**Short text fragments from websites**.

==*==

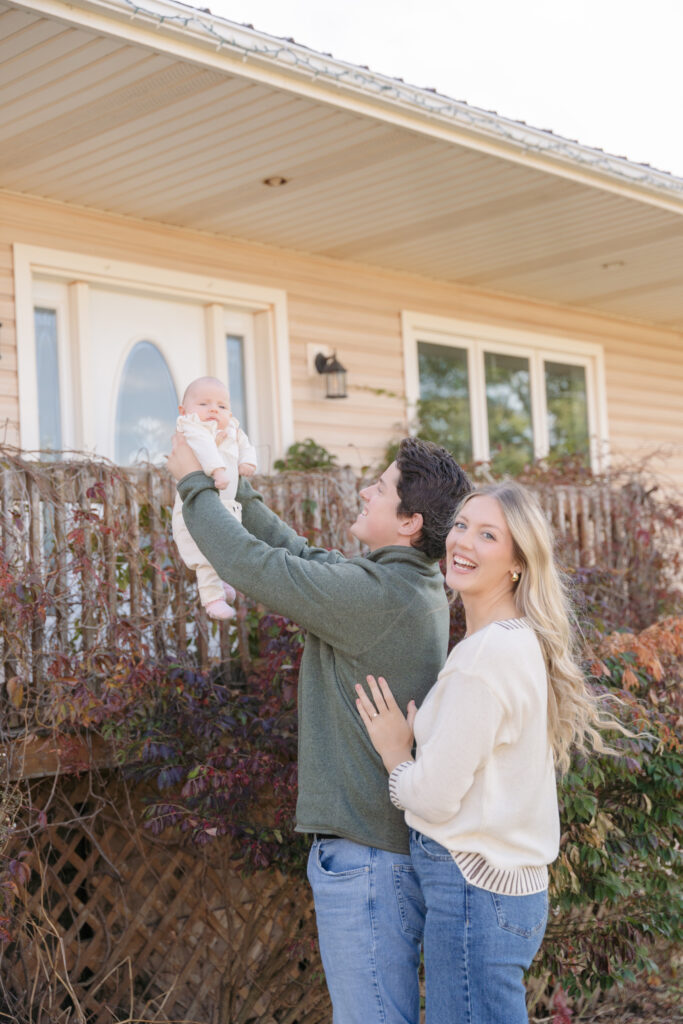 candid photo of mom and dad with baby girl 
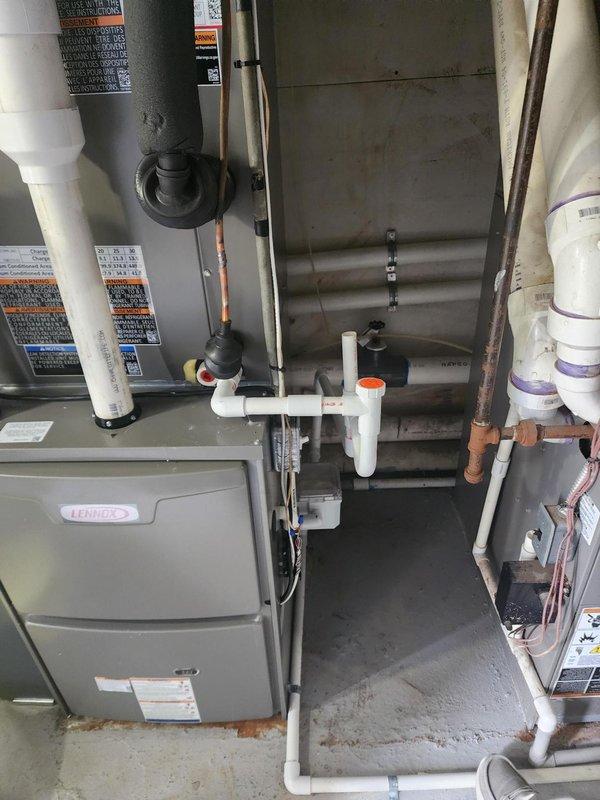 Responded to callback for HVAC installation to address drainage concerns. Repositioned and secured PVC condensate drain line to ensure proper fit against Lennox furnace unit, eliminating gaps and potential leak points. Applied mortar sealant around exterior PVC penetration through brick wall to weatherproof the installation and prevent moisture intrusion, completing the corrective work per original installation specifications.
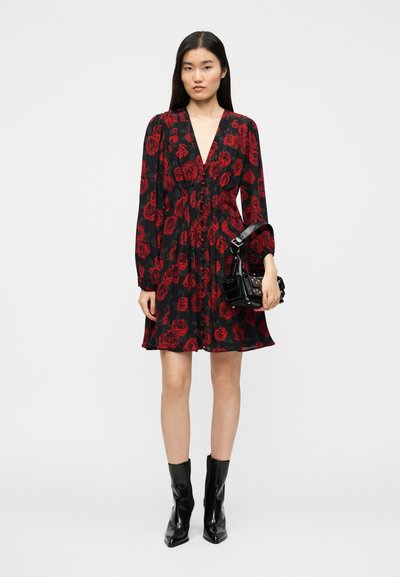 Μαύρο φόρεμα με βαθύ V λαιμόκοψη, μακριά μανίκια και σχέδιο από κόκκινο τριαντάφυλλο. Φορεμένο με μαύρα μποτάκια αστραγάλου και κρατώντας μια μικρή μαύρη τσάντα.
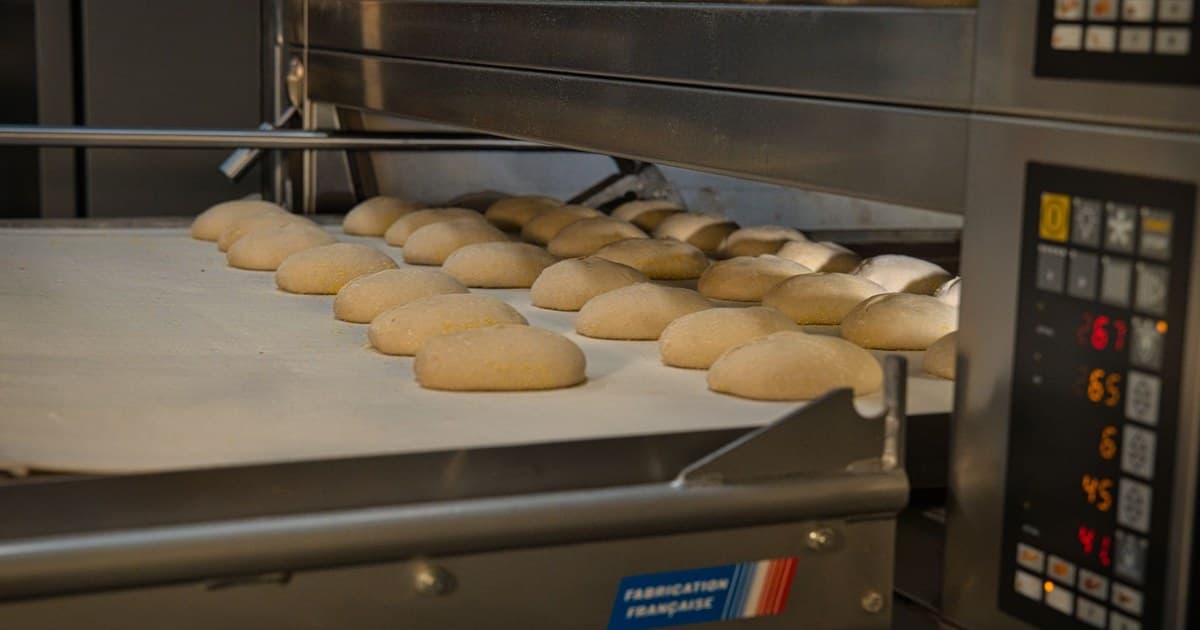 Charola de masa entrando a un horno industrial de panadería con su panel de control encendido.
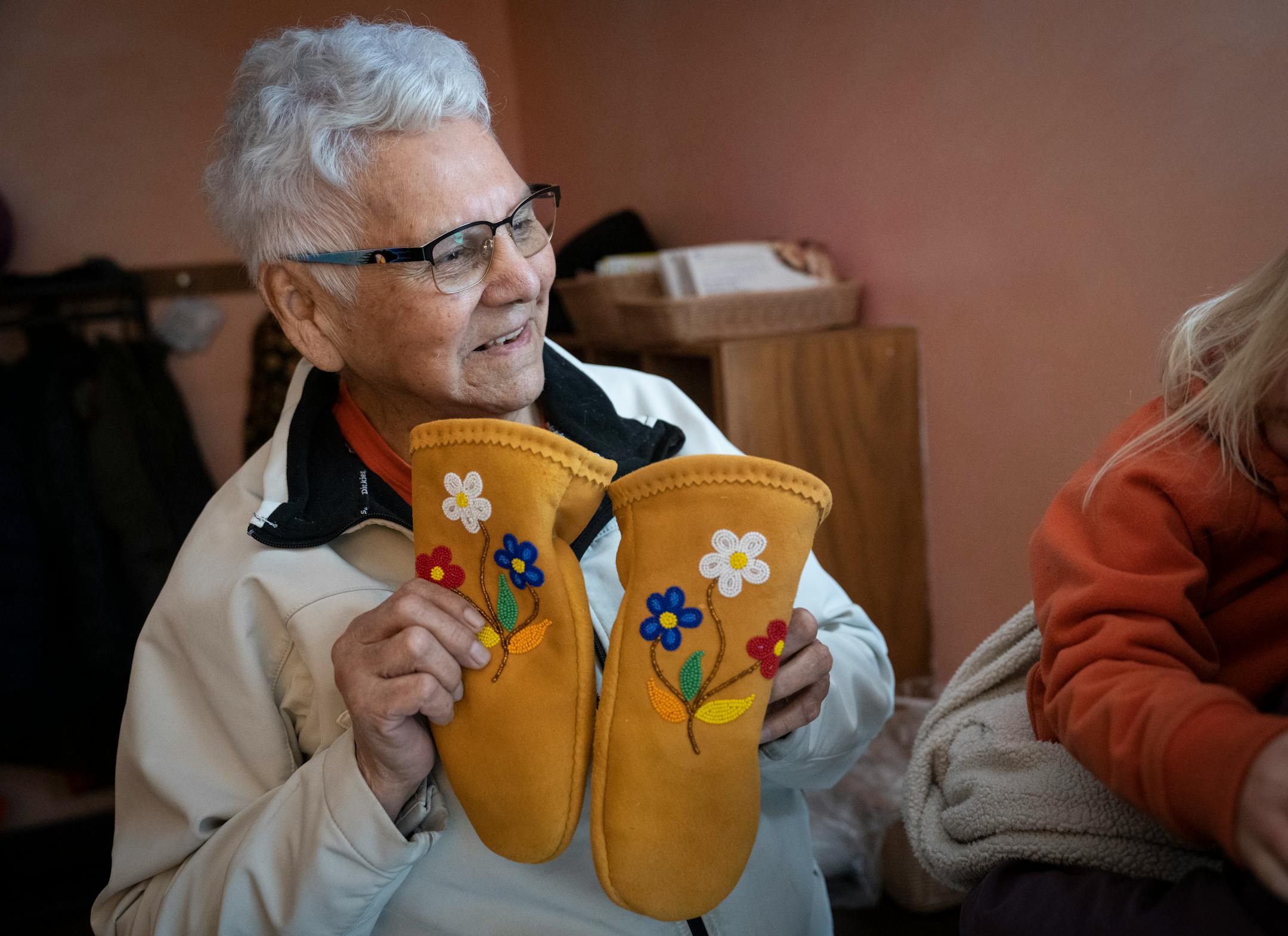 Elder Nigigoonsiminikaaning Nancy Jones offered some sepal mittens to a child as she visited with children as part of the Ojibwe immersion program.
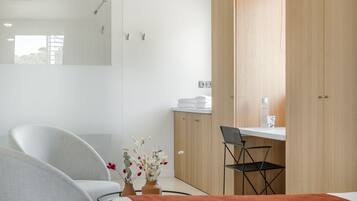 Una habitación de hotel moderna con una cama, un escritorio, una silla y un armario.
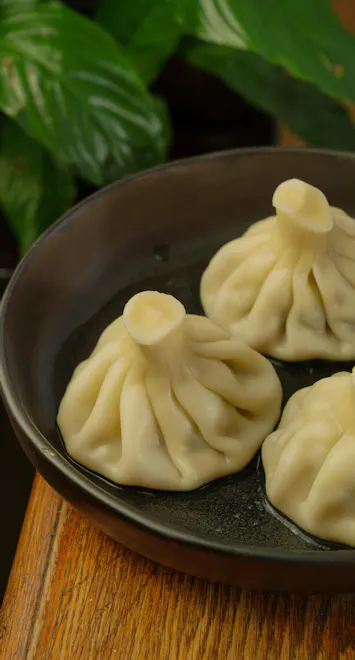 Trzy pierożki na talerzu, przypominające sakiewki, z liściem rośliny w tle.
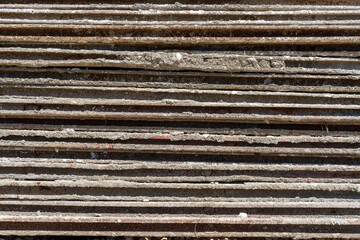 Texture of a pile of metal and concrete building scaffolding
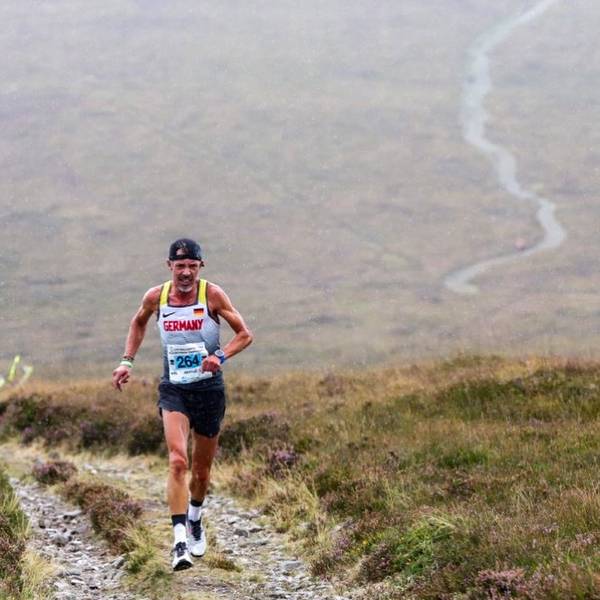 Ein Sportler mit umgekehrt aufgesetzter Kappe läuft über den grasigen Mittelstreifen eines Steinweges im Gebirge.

==*==

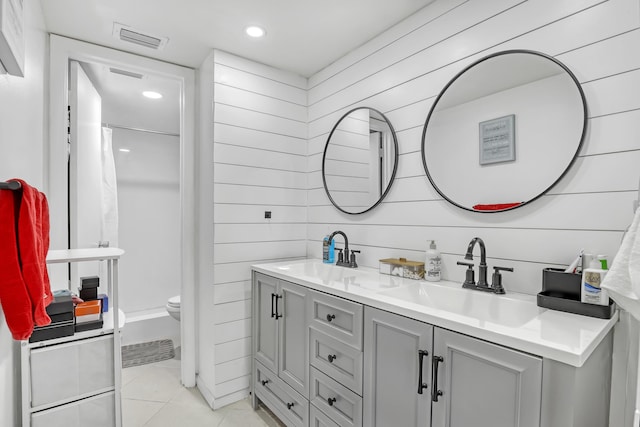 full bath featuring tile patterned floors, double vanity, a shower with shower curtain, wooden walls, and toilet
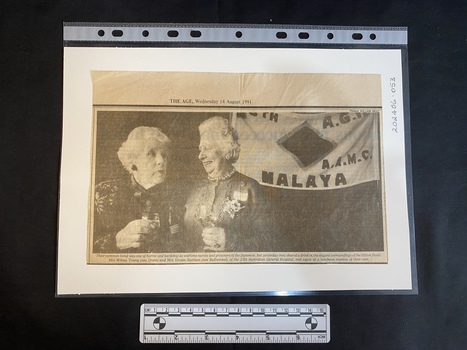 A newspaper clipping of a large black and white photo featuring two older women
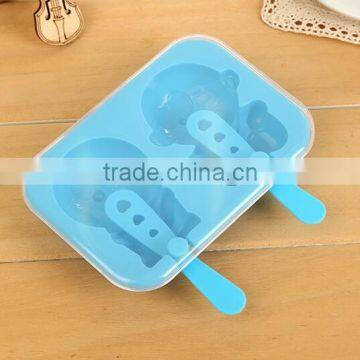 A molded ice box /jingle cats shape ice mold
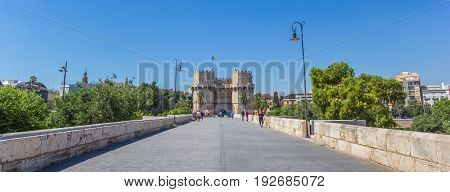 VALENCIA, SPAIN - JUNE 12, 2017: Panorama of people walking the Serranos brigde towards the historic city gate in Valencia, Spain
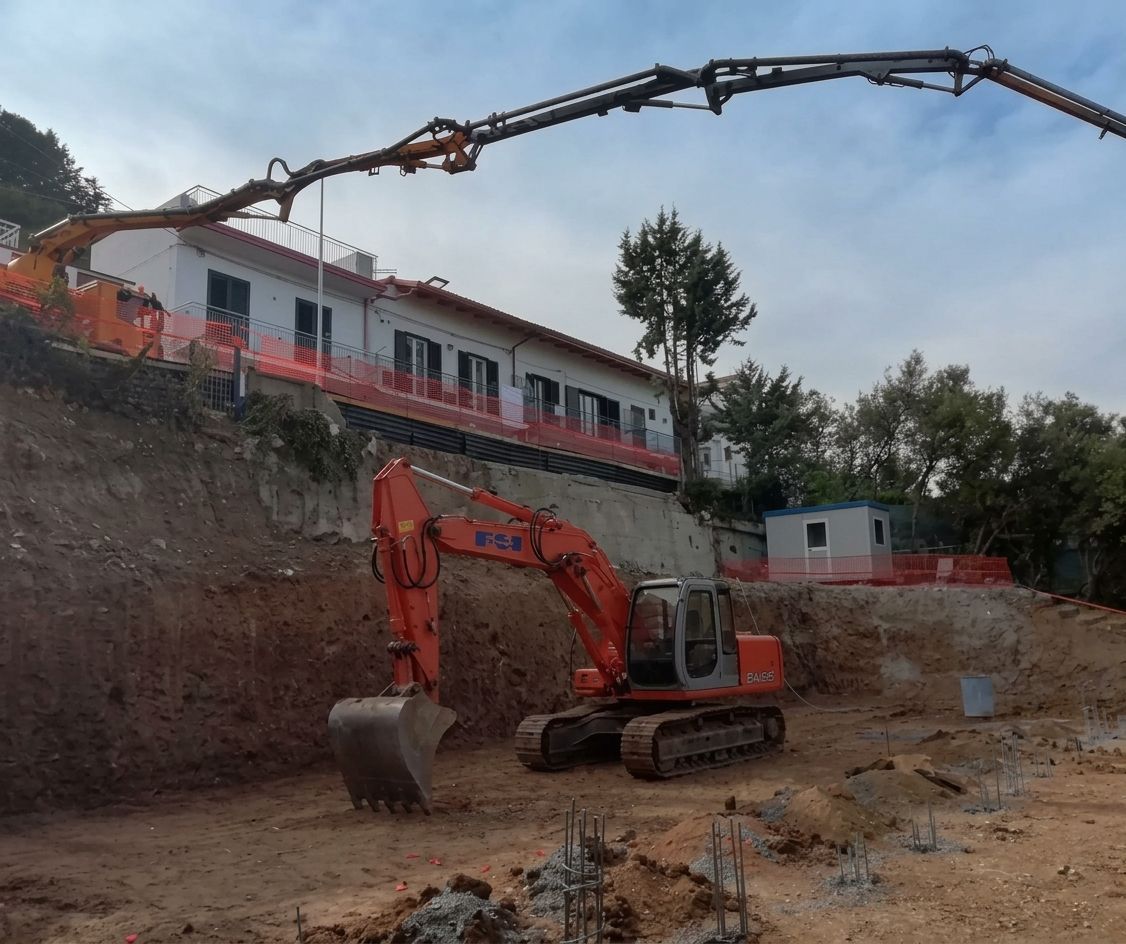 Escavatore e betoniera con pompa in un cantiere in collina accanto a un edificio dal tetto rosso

==*==

**Assigned task**. Range to copy from the records above: the line containing "candid photo of mom and dad with baby girl" to the line containing "Ein Sportler mit", both included. Output those lines exactly and only those, skipping pictures.

**Finished exercise**.
 candid photo of mom and dad with baby girl 
 Responded to callback for HVAC installation to address drainage concerns. Repositioned and secured PVC condensate drain line to ensure proper fit against Lennox furnace unit, eliminating gaps and potential leak points. Applied mortar sealant around exterior PVC penetration through brick wall to weatherproof the installation and prevent moisture intrusion, completing the corrective work per original installation specifications.
 Μαύρο φόρεμα με βαθύ V λαιμόκοψη, μακριά μανίκια και σχέδιο από κόκκινο τριαντάφυλλο. Φορεμένο με μαύρα μποτάκια αστραγάλου και κρατώντας μια μικρή μαύρη τσάντα.
 Charola de masa entrando a un horno industrial de panadería con su panel de control encendido.
 Elder Nigigoonsiminikaaning Nancy Jones offered some sepal mittens to a child as she visited with children as part of the Ojibwe immersion program.
 Una habitación de hotel moderna con una cama, un escritorio, una silla y un armario.
 Trzy pierożki na talerzu, przypominające sakiewki, z liściem rośliny w tle.
 Texture of a pile of metal and concrete building scaffolding
 Ein Sportler mit umgekehrt aufgesetzter Kappe läuft über den grasigen Mittelstreifen eines Steinweges im Gebirge.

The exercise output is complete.